= TASK INSTRUCTIONS =
Write out word for word the lines from the one holding "facebook-timeline" through the end of the data, and only those lines. Pictures stay out.

[RECORDS PROVIDED — start]

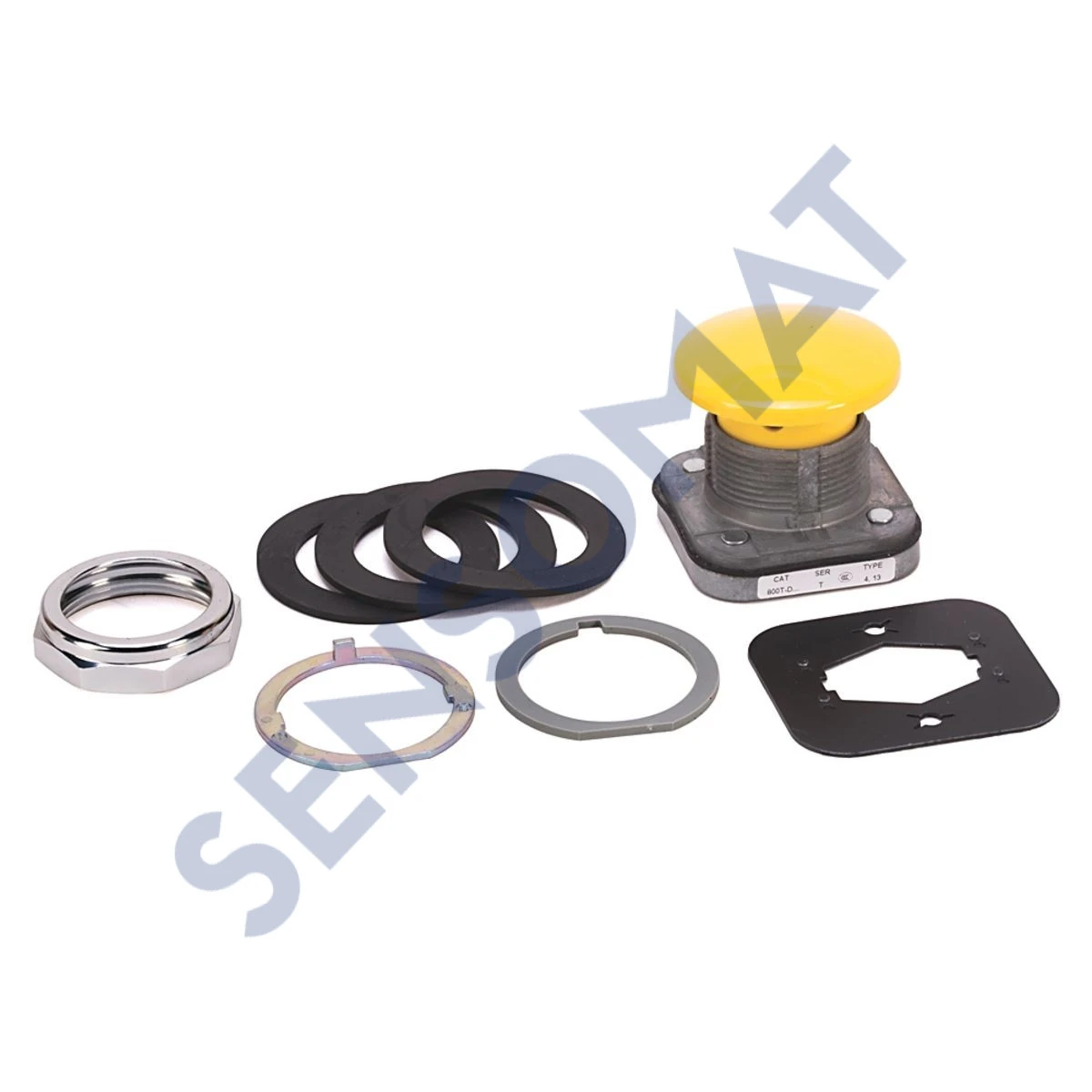 800T-D9FA Allen-Bradley 30mm Momentary Push B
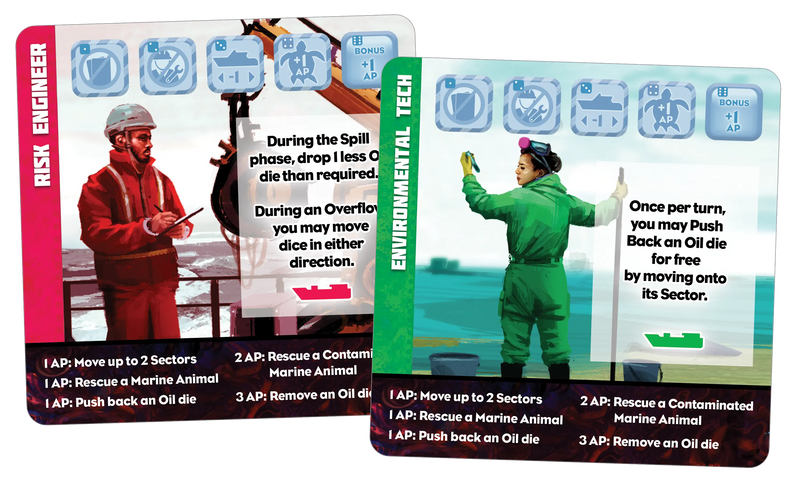 The Spill: A Cooperative Strategy Game To Save the Sea Life Smirk & Dagger Games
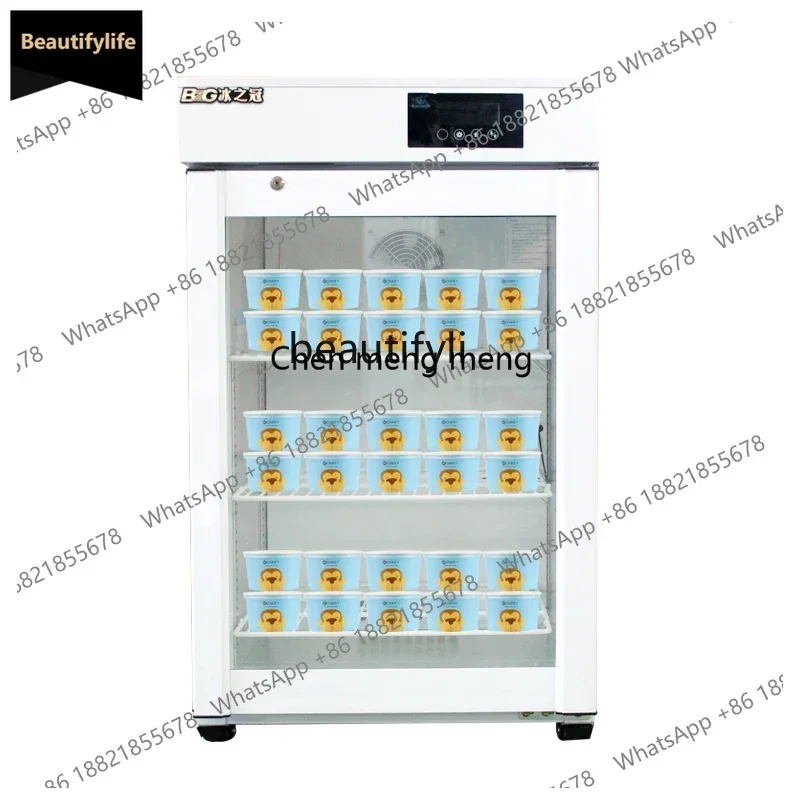 

Йогуртница A601: коммерческая, автоматическая, с интегрированной системой охлаждения, таймером, поддержанием постоянной температуры, интеллектуальная, для фруктов и десертов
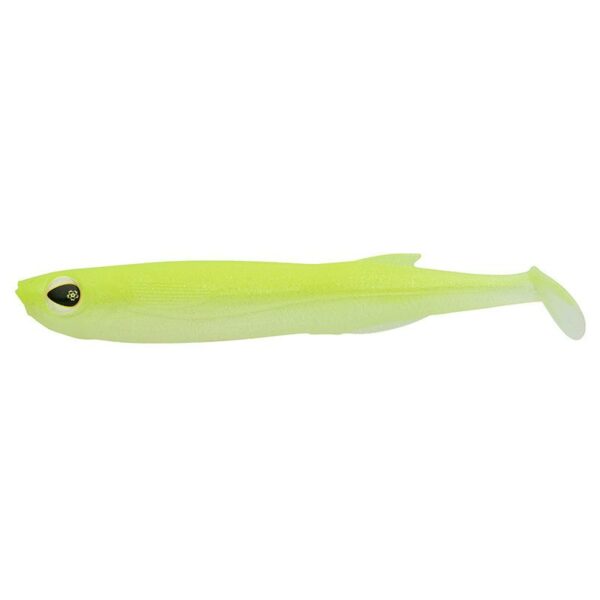 Sakura Xprat Shad 9cm (par 6) Chartreuse Shad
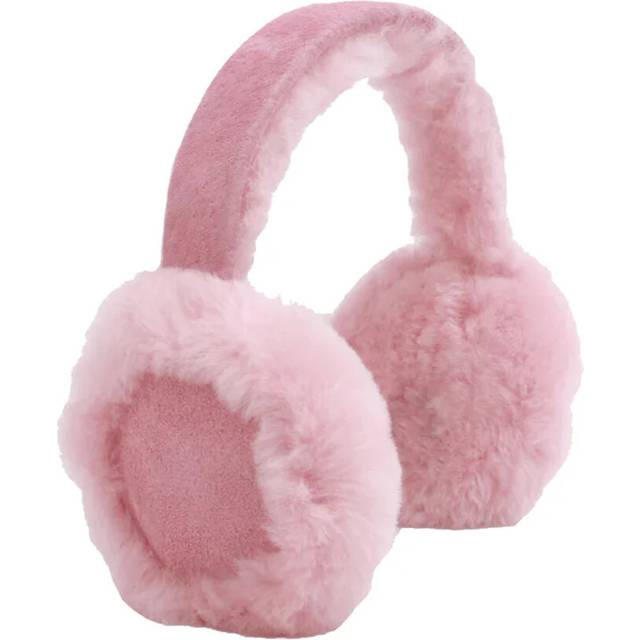 (One Size, Pink) Eastern Counties Leather Childrens/Kids Kiko Sheepskin Earmuffs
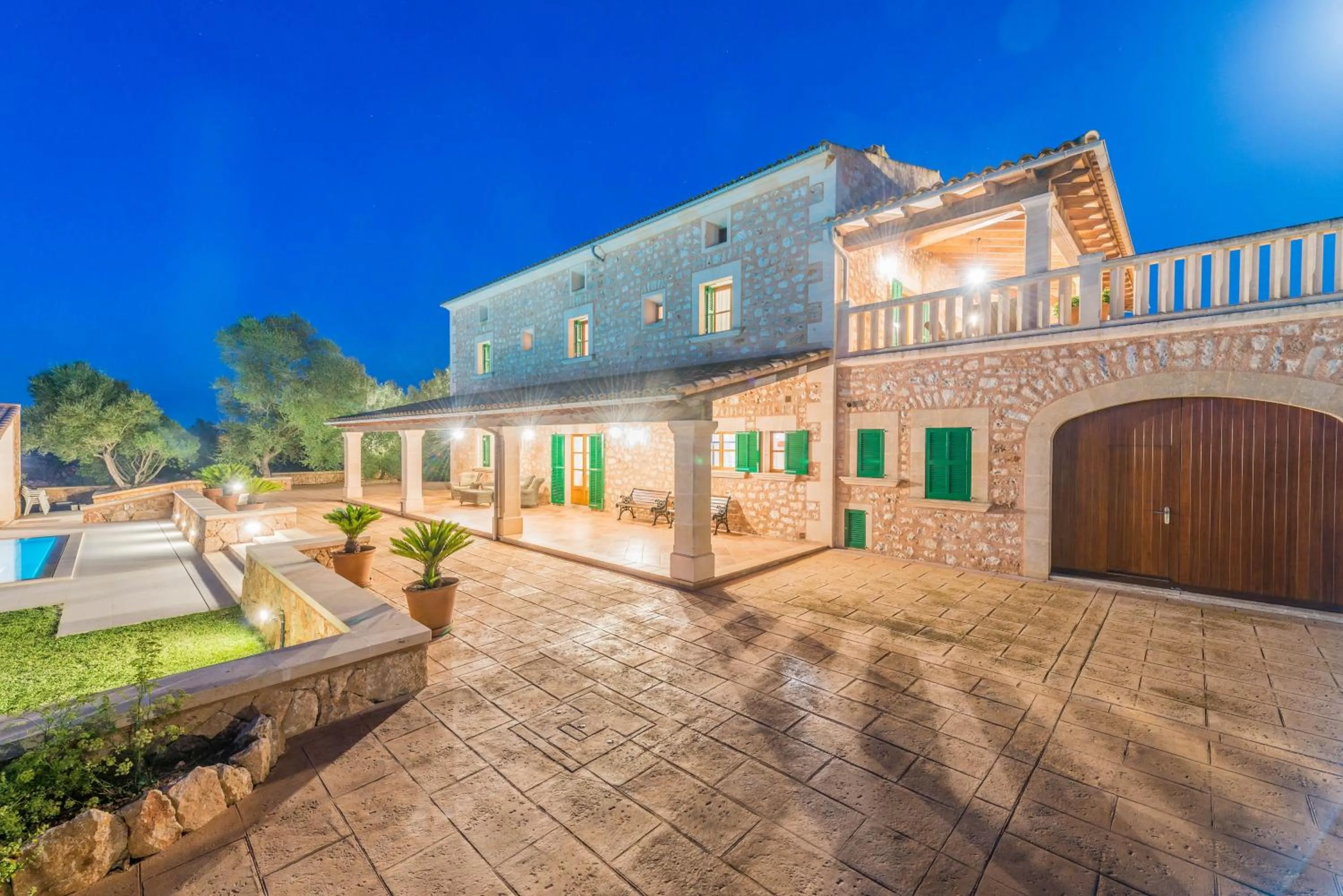 Balcony/Terrace in Son Fadri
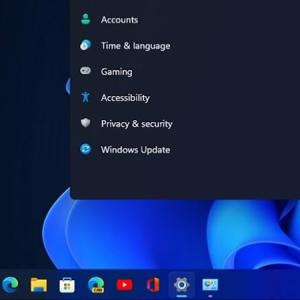 Cách di chuyển các biểu tượng trên thanh Taskbar sang lề trái trên Windows 11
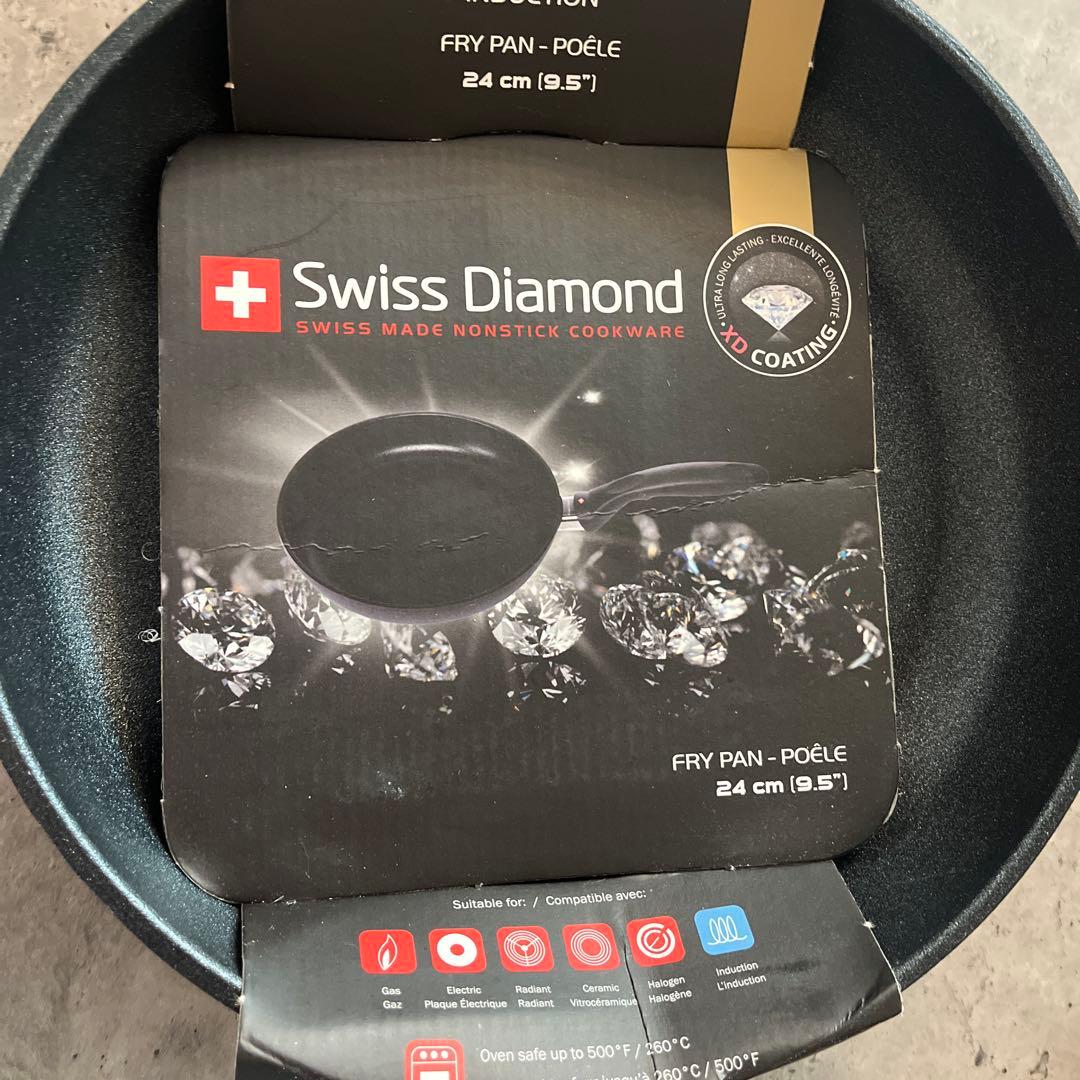 Swiss Diamond スイスダイアモンド フライパン 24cm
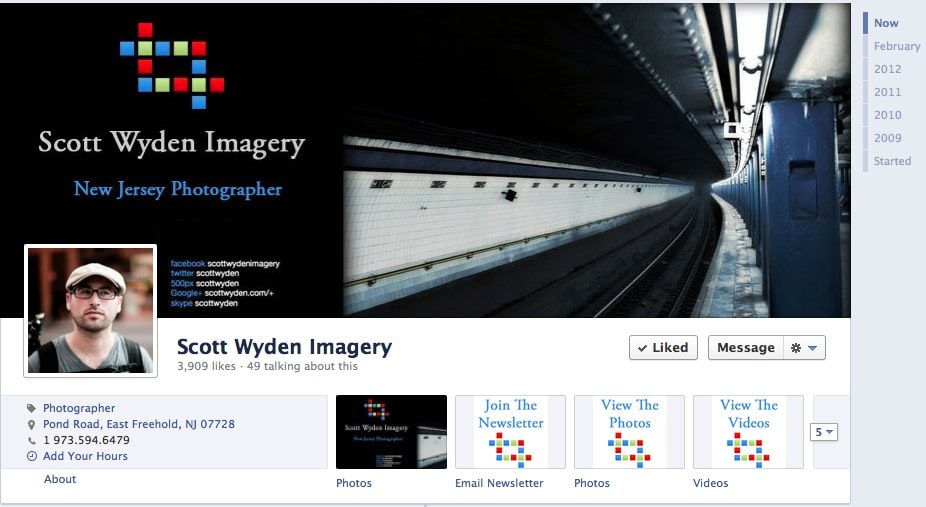 facebook-timeline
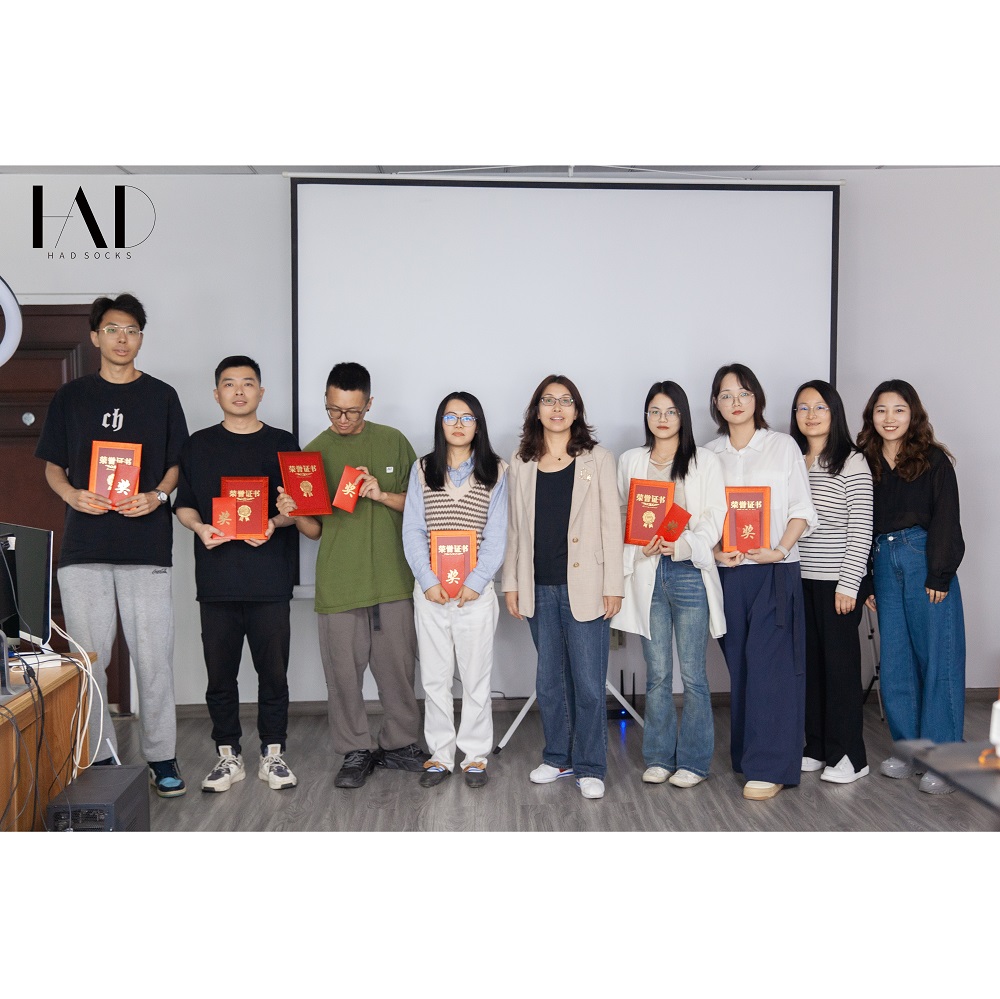 HainingHadSocks's tweet image. 🌟 Announcing the shining stars of the HAD Group's first quarter sales! 🌟 Join us in honoring their dedication, passion, and hard work.Inspiring us greatness as we continue to reach new heights in 2024! 🏆🚀 ✨#BespokeSocks #sockslover #socks #customsocks #fashionstyle #footwear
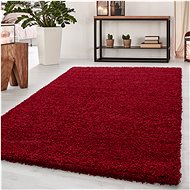 Kusový Dream Shaggy 4000 Red 65×130 cm - Carpet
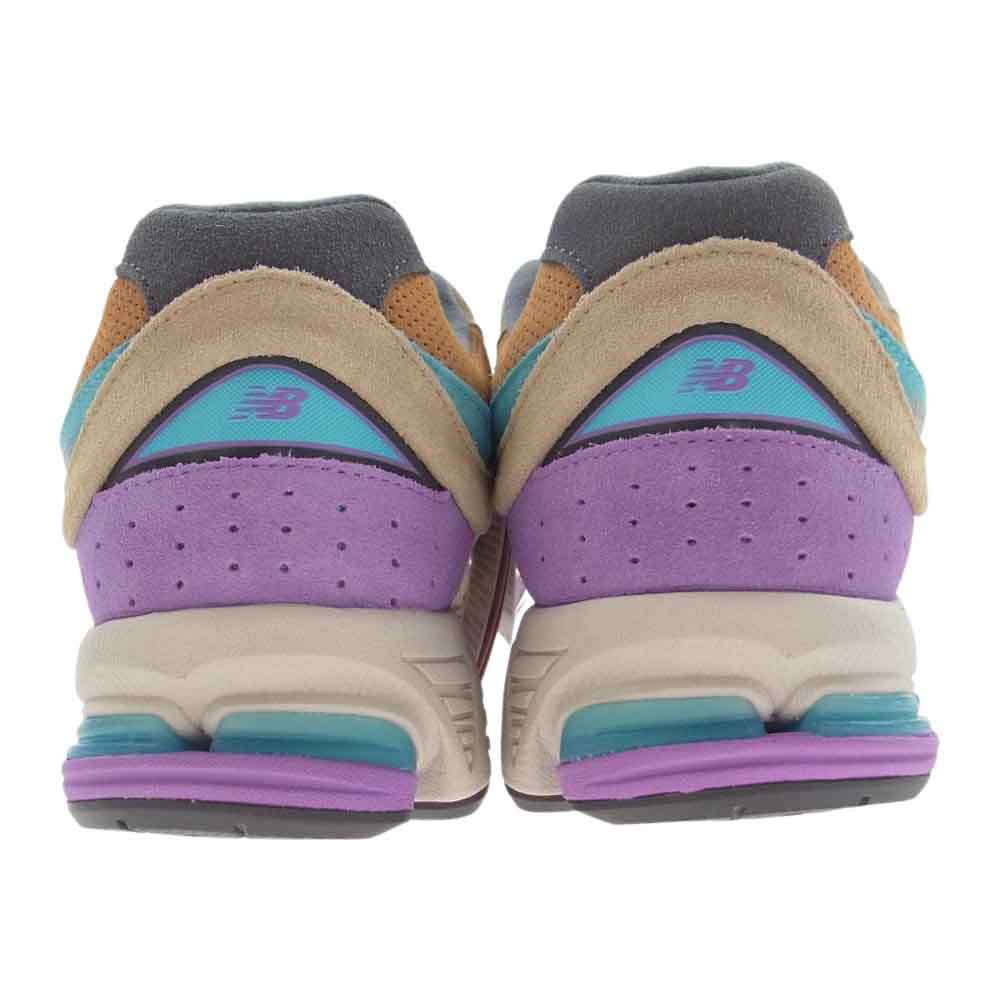 NEW BALANCE ニューバランス M2002RWA スニーカー ランニングシューズ ライトブラウン系 28cm【美品】【中古】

[RECORDS PROVIDED — finish]

= ANSWER SPACE =
 facebook-timeline
 HainingHadSocks's tweet image. 🌟 Announcing the shining stars of the HAD Group's first quarter sales! 🌟 Join us in honoring their dedication, passion, and hard work.Inspiring us greatness as we continue to reach new heights in 2024! 🏆🚀 ✨#BespokeSocks #sockslover #socks #customsocks #fashionstyle #footwear
 Kusový Dream Shaggy 4000 Red 65×130 cm - Carpet
 NEW BALANCE ニューバランス M2002RWA スニーカー ランニングシューズ ライトブラウン系 28cm【美品】【中古】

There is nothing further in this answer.